**AIM OF THE EXERCISE**
Go through the data below line by line and report how many lines contain "with", giving only that figure.

---------- EXERCISE MATERIALS

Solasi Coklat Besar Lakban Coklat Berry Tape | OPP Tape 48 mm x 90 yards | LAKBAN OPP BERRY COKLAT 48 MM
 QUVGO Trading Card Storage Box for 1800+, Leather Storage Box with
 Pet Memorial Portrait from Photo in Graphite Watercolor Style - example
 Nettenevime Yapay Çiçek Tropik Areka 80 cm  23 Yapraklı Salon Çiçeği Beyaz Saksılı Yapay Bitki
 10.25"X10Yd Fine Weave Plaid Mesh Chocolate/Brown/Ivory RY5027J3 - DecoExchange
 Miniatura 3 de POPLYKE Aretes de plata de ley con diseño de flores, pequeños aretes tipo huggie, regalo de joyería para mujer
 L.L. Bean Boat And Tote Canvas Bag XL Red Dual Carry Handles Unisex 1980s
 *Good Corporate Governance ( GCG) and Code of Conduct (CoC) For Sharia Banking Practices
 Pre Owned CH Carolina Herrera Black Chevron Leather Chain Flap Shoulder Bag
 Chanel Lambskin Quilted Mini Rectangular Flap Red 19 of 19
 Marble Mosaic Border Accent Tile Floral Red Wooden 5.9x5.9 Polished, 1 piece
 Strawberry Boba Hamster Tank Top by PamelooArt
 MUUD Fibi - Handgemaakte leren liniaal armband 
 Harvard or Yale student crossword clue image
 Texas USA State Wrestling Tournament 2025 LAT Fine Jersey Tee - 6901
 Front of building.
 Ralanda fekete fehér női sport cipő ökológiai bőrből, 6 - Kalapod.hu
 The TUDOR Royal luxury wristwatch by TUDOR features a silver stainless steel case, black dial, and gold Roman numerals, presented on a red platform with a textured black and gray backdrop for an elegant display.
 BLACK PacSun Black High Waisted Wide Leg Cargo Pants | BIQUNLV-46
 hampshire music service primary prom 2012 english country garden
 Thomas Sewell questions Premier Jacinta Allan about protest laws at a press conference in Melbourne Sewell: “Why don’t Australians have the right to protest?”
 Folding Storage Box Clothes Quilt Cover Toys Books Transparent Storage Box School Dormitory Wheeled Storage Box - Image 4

--------------------

**REPLY**
2